July 2024 and it is still surprising how erratic LLMs can be when they get tasked to help with very small coding jobs. I work on many projects on my Mac. For a while, I have been using my own directory simple stack implementation. Remembering paths is what the computer can do for me.

It works well and has two parts: zsh functions loaded via .zshrc and a Python program doing the actual work, naturally except for the cd, change of the prompt.

I thought it would be nice if my ‘cd’ variation could check if a Python environment under */bin/activate would exist in the directory I changed into.
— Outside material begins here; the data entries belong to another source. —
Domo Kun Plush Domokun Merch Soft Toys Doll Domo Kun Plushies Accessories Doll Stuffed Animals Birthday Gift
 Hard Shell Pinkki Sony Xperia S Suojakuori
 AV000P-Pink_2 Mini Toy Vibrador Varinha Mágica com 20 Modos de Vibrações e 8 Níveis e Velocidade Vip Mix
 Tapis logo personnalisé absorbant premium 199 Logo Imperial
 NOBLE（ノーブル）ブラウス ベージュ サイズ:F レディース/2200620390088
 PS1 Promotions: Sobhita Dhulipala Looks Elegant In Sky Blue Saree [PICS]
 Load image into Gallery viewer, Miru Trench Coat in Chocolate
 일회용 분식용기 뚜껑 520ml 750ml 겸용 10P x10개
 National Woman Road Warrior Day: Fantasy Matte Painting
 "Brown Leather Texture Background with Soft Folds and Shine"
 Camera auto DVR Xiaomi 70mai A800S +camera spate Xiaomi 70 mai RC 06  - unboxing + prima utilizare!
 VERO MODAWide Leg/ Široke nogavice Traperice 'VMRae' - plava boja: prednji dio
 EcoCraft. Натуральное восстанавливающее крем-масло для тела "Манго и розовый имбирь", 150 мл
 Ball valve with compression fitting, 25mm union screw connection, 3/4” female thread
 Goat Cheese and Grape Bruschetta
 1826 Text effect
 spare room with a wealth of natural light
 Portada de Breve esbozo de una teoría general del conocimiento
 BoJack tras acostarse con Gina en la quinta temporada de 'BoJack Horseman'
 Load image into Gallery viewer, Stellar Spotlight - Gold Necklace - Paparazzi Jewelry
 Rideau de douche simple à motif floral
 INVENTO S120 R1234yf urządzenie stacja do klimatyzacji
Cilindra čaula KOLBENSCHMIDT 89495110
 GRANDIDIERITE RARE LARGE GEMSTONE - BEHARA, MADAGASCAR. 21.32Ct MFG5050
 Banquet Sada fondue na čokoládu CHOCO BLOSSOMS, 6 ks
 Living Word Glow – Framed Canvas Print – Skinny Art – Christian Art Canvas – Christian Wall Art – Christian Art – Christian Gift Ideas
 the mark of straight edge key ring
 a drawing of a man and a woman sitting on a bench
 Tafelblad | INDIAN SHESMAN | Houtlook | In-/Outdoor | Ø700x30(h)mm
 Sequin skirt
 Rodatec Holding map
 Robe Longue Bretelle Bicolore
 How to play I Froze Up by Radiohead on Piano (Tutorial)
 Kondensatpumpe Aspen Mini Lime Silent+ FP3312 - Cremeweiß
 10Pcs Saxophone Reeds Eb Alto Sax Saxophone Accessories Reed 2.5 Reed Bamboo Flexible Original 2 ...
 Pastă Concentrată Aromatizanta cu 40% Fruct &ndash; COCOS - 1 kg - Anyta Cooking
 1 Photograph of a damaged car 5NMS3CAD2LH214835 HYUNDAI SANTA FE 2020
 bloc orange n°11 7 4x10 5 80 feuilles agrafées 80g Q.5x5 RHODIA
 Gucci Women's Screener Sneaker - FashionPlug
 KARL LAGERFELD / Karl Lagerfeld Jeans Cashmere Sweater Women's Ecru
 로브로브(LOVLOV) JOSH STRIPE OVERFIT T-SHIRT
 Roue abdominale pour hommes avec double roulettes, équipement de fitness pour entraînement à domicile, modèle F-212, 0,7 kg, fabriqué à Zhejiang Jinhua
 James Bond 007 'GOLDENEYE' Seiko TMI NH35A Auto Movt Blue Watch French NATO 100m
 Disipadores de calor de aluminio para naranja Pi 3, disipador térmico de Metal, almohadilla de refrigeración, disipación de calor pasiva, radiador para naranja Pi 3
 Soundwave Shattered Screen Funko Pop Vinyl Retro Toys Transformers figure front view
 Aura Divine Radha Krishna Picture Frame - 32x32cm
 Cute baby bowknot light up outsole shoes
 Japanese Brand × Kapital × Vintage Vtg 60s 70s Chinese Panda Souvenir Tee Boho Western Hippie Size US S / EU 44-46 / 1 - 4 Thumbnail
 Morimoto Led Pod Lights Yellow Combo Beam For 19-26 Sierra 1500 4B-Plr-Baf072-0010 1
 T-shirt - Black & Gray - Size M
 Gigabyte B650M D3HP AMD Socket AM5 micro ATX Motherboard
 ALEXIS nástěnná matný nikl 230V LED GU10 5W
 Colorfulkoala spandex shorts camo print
If so, it can source it. If there is none, then it should not care, and if there are multiple, it should list them so that I could pick and choose.

Simple enough.

Parts would require zsh shell coding. Not something I tend to do a lot. Since Sonnet 3.5 has a limit even in the paid version, I tend to use my paid gpt4o first.

For this simple thing, I should not have. Today gpt4o was stunningly stupid. It managed to do zsh syntax well enough, but then completely failed. For a while, stuck in that dreadful loop where one hopes the next version would finally work. I still abort those loops of idiocy way too late.

Claude 3.5 got it right. In my frustration, I also had introduced a bug / typo on my end. Both gpt4o and Claude would have pointed it out easily if they had seen that part of the code. Claude stood out since its debug hints let me see what I had done wrong. That was beyond my current expectation horizon.

Speaking of: I am amazed how dumb LLMs still can be. Today gpt4o was utterly stupid. Not sure why. Is it zsh that it is not familiar with? Did the system prompt that got assigned to me, or my region, suddenly change? Who knows.

It must be hard to make a living based on some expectations from LLMs. They are really awesome, but can fall off a cliff at any point. Pretty much the opposite from computer work in general.

I expect that people develop all sorts of Cargo Cults in their work with these tools.